Colin Herlihy’s board skills and Dan Herlihy’s surfing videos have taken the father-son duo far
As the 2014 Atlantic hurricane season rears its ugly head, Delaware surfer Colin Herlihy sees a silver lining in the coming storm clouds. Like hungry animals, he and other die-hard surfers from Miami to Maine will scour weather maps and buoy charts, licking their chops in anticipation of the next big swell. When the waves arrive, jobs and responsibilities are put on hold. Nothing else much matters.
“Only a handful of times each year do East Coast surfers get the chance to ride Hawaiian-size waves in their own backyard,” notes Colin. “We’ll drive hundreds of miles in hopes of hitting it just right.”
Indeed, at a moment’s notice, he and his father, Dan Herlihy, can be found loading their SUV with surfing gear, cameras and enough provisions to weather any approaching storm — once they get there.
And as the younger Herlihy looks forward to riding the next epic swell, the elder family member — no stranger to the waves himself — focuses on capturing each session on high-definition video. For this father and son duo, it’s just another day at the beach.
The seeds of a passion
In the late 1950s, on a simmering July morning, a 14-year-old boy paddles an oversized rescue board into gently rolling waves off Ocean City, Md. In the shade of a nearby lifeguard tower, a man shares a laugh with one of the guards while keeping a close watch on his son in the nearby surf. Young Danny Herlihy catches his first wave — the first of many.
“When I started surfing, there were only a few other surfers in Delmarva,” Dan recalls. “There was me, Bill Wise, Don ‘Smedley’ Graham, Pat Marshall, Bob Ennis and George Pittman. Smedley and Bill would make the trip from Harrington, Delaware, to Ocean City every chance they got.” (Tragically, Wise broke his neck surfing the shallow sandbars off the South Bethany fire-control tower. Despite paralysis that forced him to use a wheelchair for the rest of his life, he expressed his love for surfing through photography, using his tongue to trip the camera’s shutter. It was no idle pursuit. Bill Wise became a well-known surf photographer and journalist. For many years, he wrote a weekly column for the Ocean City Beachcomber about the surfing lifestyle. He died in 2007.)

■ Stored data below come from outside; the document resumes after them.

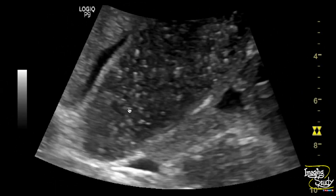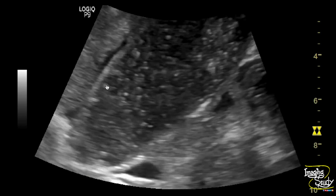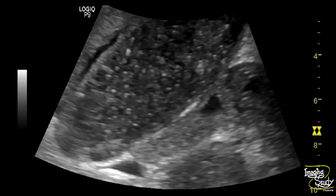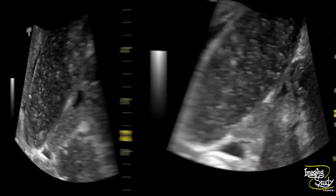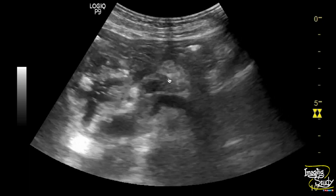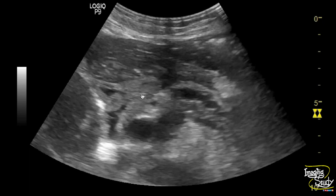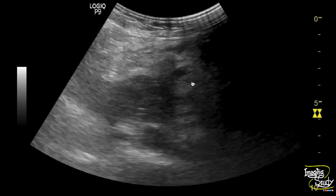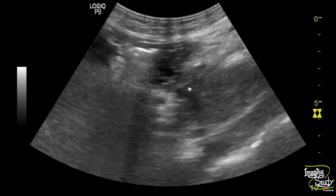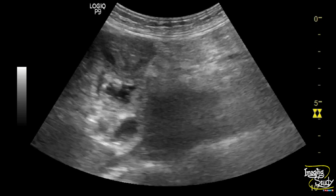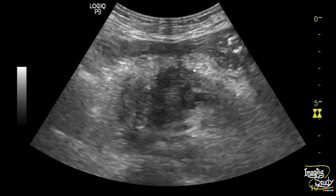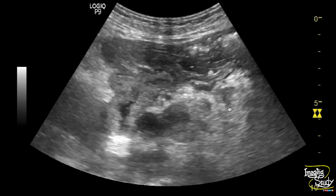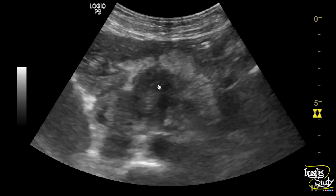Here is the magnified image to evaluate the comet-tail artifacts further, and you can also see adjacent hypoechoic sludge here. Here at the epigastrium, you can see an irregular, ill-defined, heterogeneously hypoechoic mass lesion at the pancreatic head region. The main pancreatic duct is dilated, so this mass lesion at the head of the pancreas causing obstructive features is possibly a malignant lesion.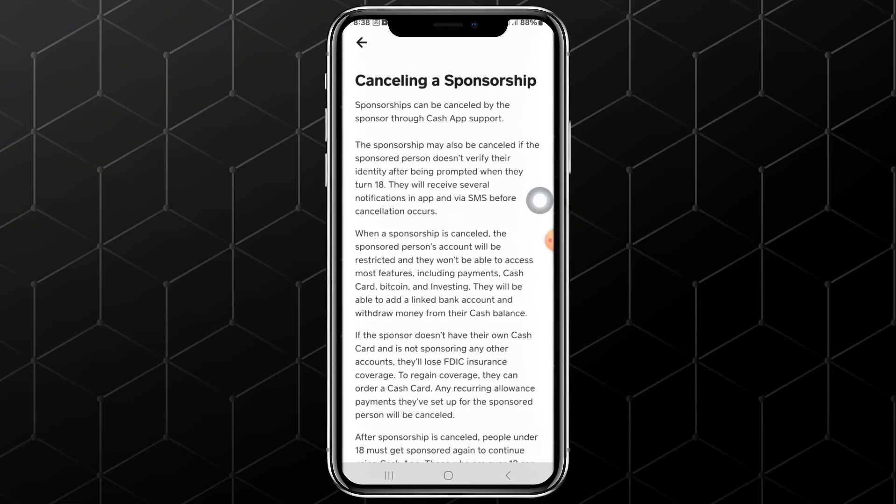After that, you will land on another page where there is information on Canceling Sponsored Accounts. Make sure you read this information carefully. After that, scroll down to the bottom of the page.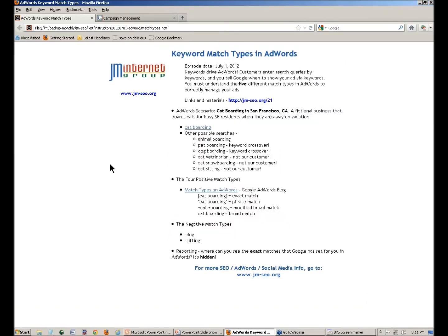Here are the instructor links. These links are on our website. If you don't have them, you can go to jm-seo.org/21, and that's going to get you to the instructor links and the various materials for the class.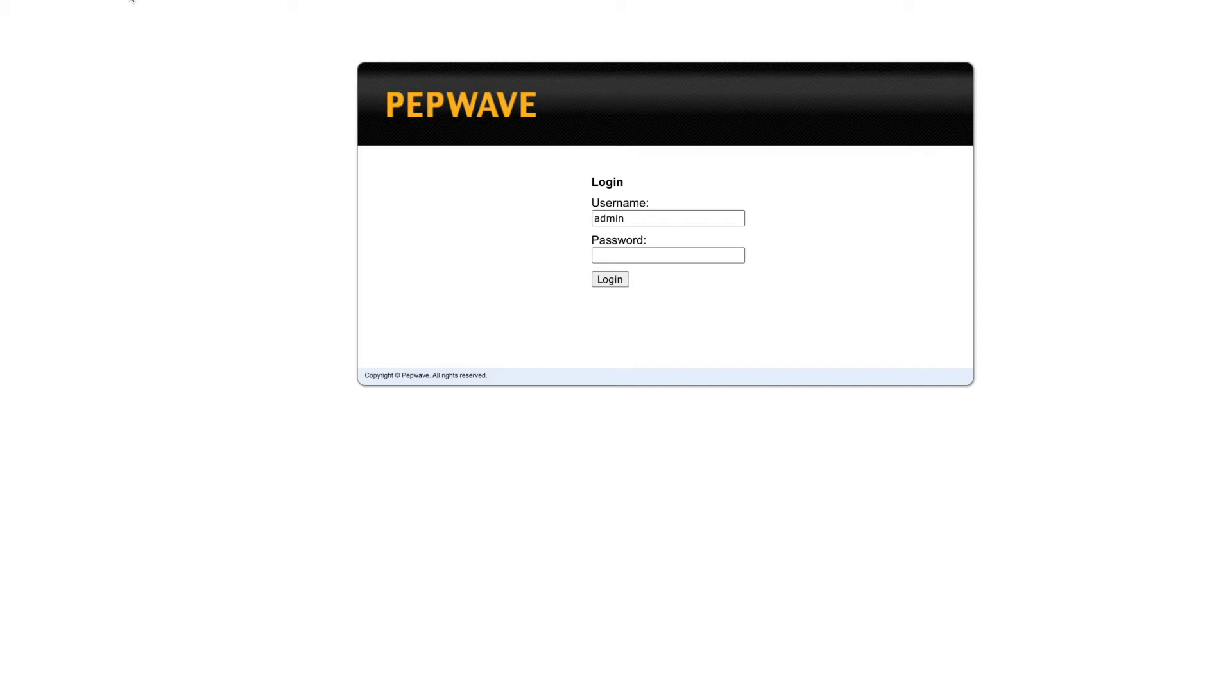Today we're going to be taking a close look over the web admin interface of the PepWave Surf Soho MK3. After connecting to the Soho with an Ethernet cable or wirelessly, you can access this at 192.168.50.1.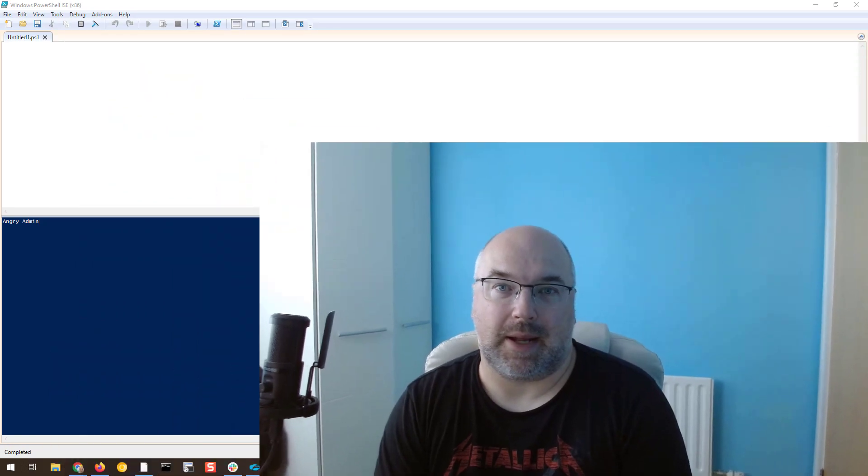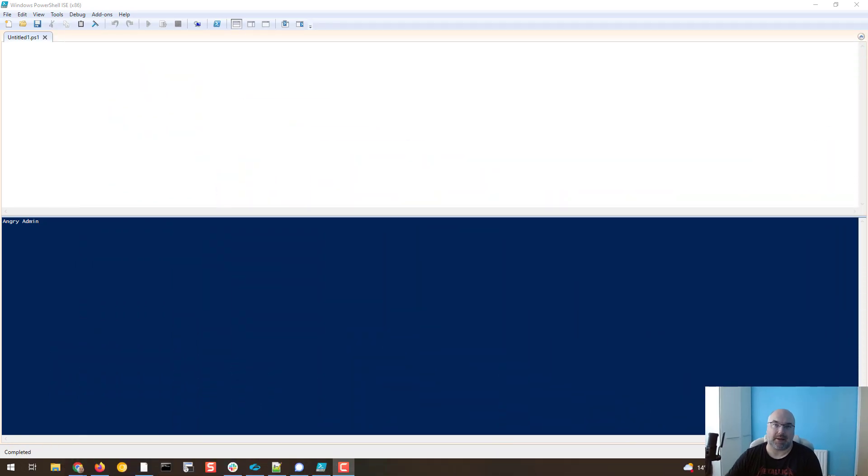Hi, it's Angrami here and today I will show you how to use PowerShell to ensure that TLS 1.2 is in use. Let's start.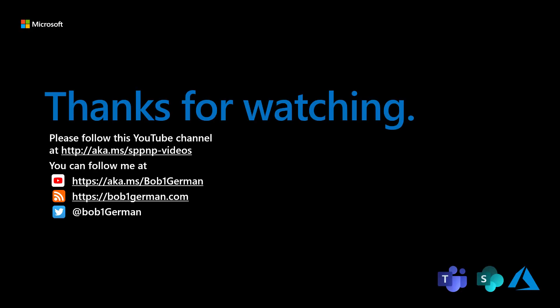Thanks for watching this Microsoft 365 Patterns and Practices video. If you like this video, please subscribe to the Patterns and Practices YouTube channel at aka.ms/pnp-videos. I'm Bob German. You can follow me on Twitter at Bob1German. And please check out my blog at Bob1German.com. That's all for this time and thanks for watching.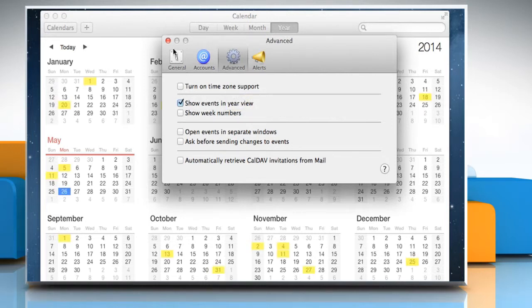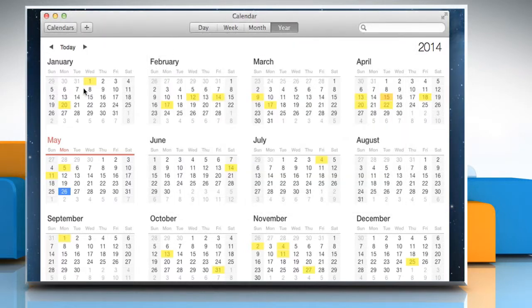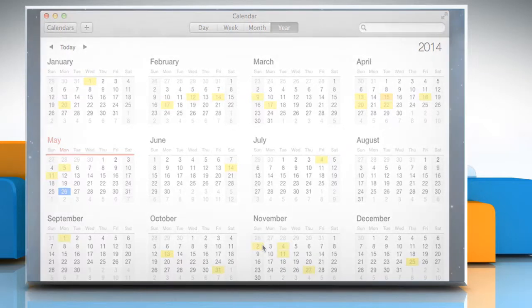Close the Preferences window, and you will see that all the events are highlighted in color. Wasn't that quick and easy? Thanks for watching!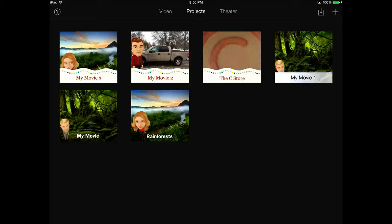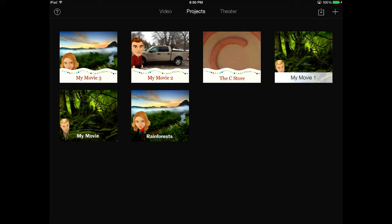iMovie is a fabulous app to use for all sorts of different things in the classroom. If you have iPads, it makes video production very seamless because you can incorporate any video or picture you have in your camera roll.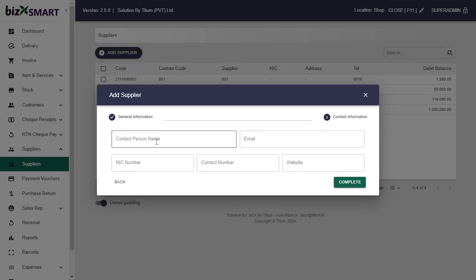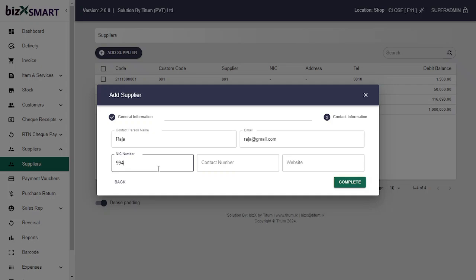Let's add details of a contact person from the supplier's organization. Type the contact person's name, email of the person, an IC number, and contact number. Finally, enter the website name of the person or the supplier organization.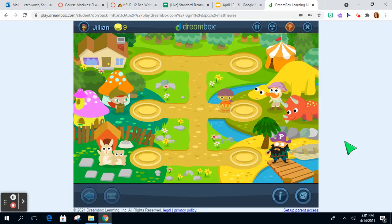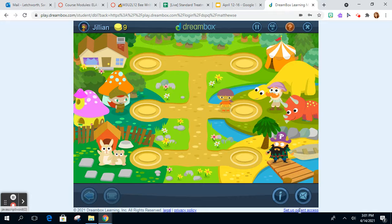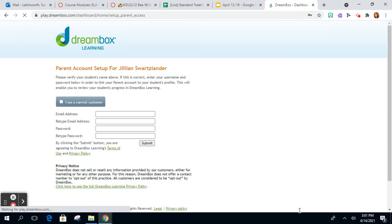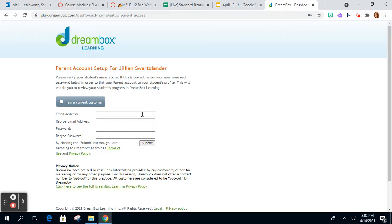After their login information is put in, to set up parent access it's very small at the bottom right corner. I don't believe you have to click on 'I am a current customer.' Just fill in your information, tap submit, and you should have access.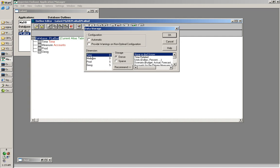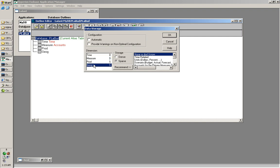and all of the dense dimension members become part of the blocks which are stored in page file. So sparse dimension members go into index file, and dense dimension members go into page file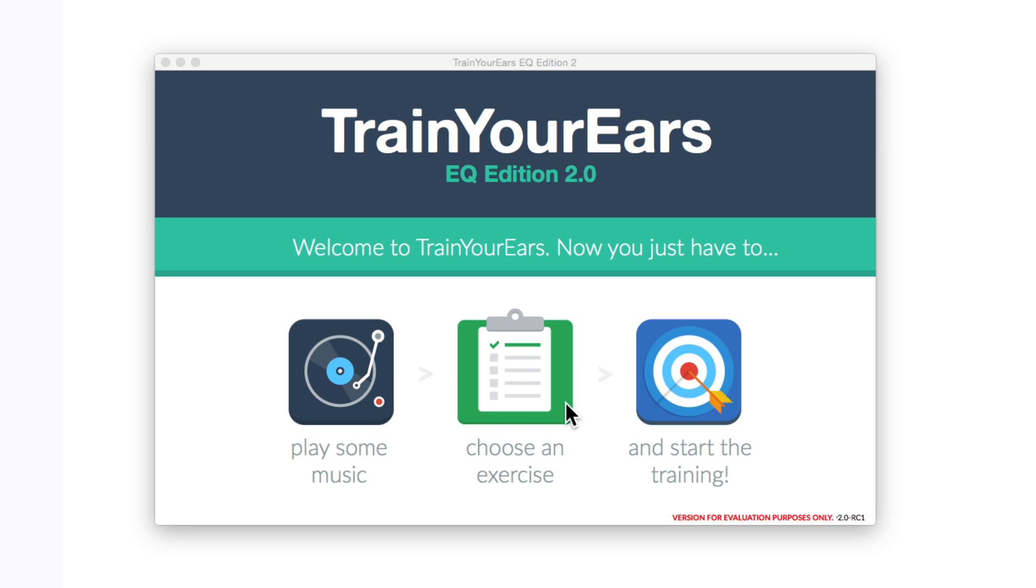Hi guys, Dan Cooper here from Pro Tools Expert, here with a review of a very cool little app called Train Your Ears EQ Edition version 2.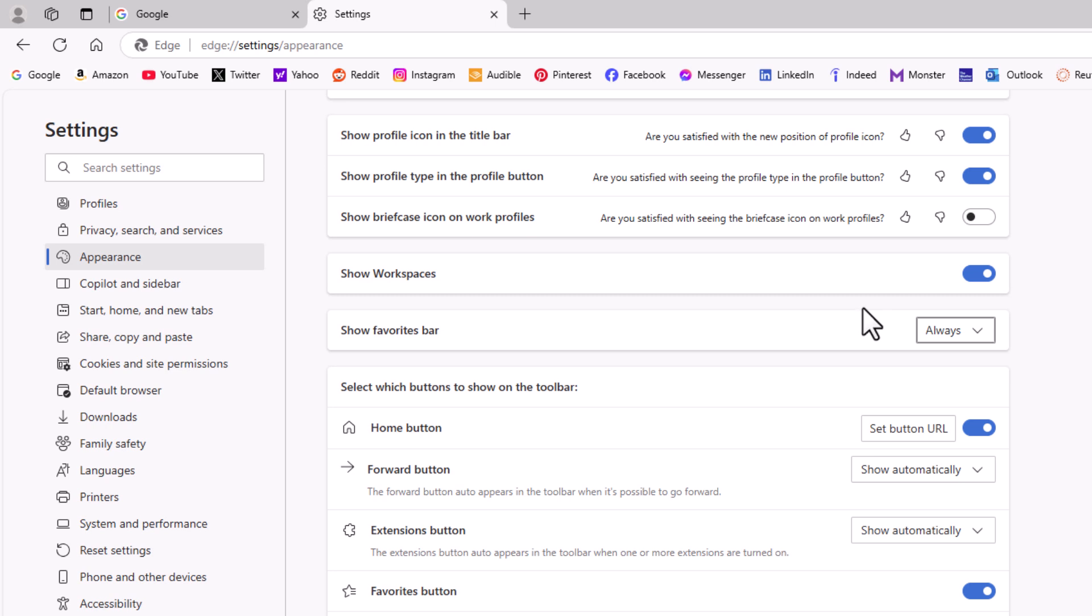That is how to show or hide the favorites bar in the Microsoft Edge web browser. Thanks for watching.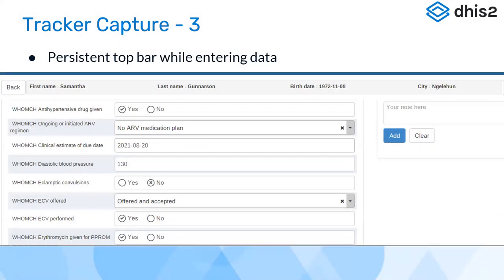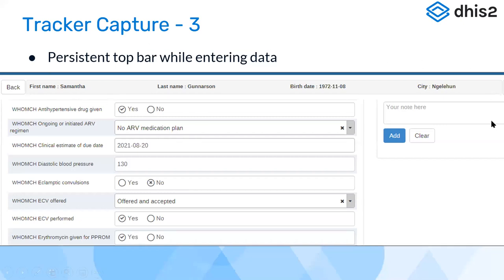You can always have a persistent top bar while entering data — the horizontal bar at the top showing the first name, last name, birth date, and city. This is useful because when entering data at health facilities for various stages like a follow-up visit, you normally don't see the registration attributes. Having this information displayed at the top helps clarify that you're entering data for the correct person. This is configurable in DHIS2 Tracker.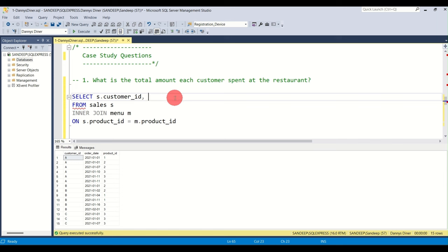Executing gives the most popular items per customer: A had ramen, B had all three items (since they're tied), and C also had ramen. That's the solution to question five.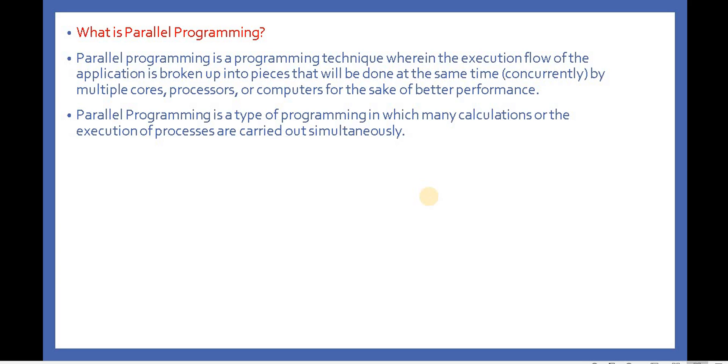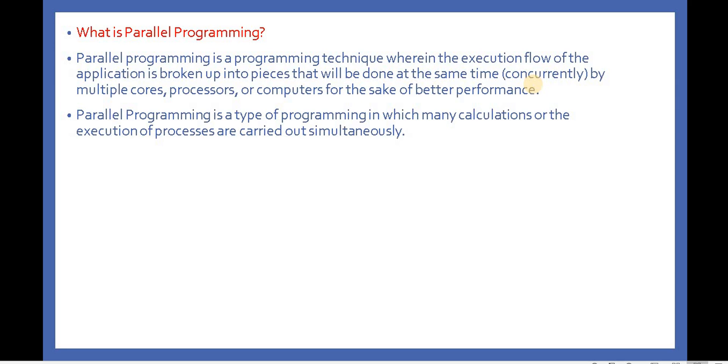Parallel programming is a programming technique wherein the execution flow of the application is broken up into pieces that will be done at the same time, or concurrently, by multiple cores, processors, or computers for the sake of better performance. When we do programming using parallel programming, it uses 100% of the CPU, so it gives fast results and the application runs very smoothly.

“What got me totally stoked on surfing was watching the landmark film ‘The Endless Summer,’” says Dan, who isn’t overstating his enthusiasm. The independent film by Bruce Brown (which would eventually create enough buzz to earn nationwide release in 1966) premiered locally on a Friday night in 1964. Dan was part of the rambunctious crowd at Stephen Decatur High School in West Ocean City, some of whom — Dan included — traveled to Virginia Beach the next night to see it again. They followed the movie as the screenings unspooled in a southward path along the coast. “By the third viewing I was inspired to explore surfing options beyond my hometown, maybe even make my own surf film,” he adds.
Still in his teens but smitten with this pursuit, Danny Herlihy packed his bags and headed west. His plan was to reach sunny California, where surfing was fast becoming the “in” sport. “I wanted to be part of that experience,” he explains. “Lucky for me, I wrote a letter to Reynolds Yater, a well-known Santa Barbara surfboard manufacturer, and got a reply. Rennie was kind enough to let me sleep in the back of his surf shop.” Not only that, but Yater hired the young man to sweep out the shop at the end of each business day. Before long, he was applying fiberglass to boards and, later, working for Hobie Surfboards in Dana Point. It was the break he had hoped for: “I was surfing by day and glassing boards by night.”
But travel is a big part of any serious surfer’s resume and Dan Herlihy was no exception. Rising quickly through the competitive ranks, he became a member of the famed Windansea Surf Club of La Jolla, near San Diego. Back then, such clubs were formed mainly to create a competition structure along the coast, and Windansea was one of the most respected clubs in California. Iconic surfers such as Phil Edwards, Mickey Dora, Butch Van Artsdalen and Pat Curren were highly respected members. “Those guys made the sport of surfing what it is today. I felt honored to be included,” Dan says.
During the winter of ’65, his thirst for big-wave riding led him to the North Shore of Oahu, where daring surfers challenge the largest and most dangerous waves in the world. “Hawaii was, and still is, the ultimate proving ground for any surfer worth his or her salt. Like so many surfers before me, the chance to ride and, on occasion, conquer the dangerous waves of Hawaii was something I had to do,” Dan says.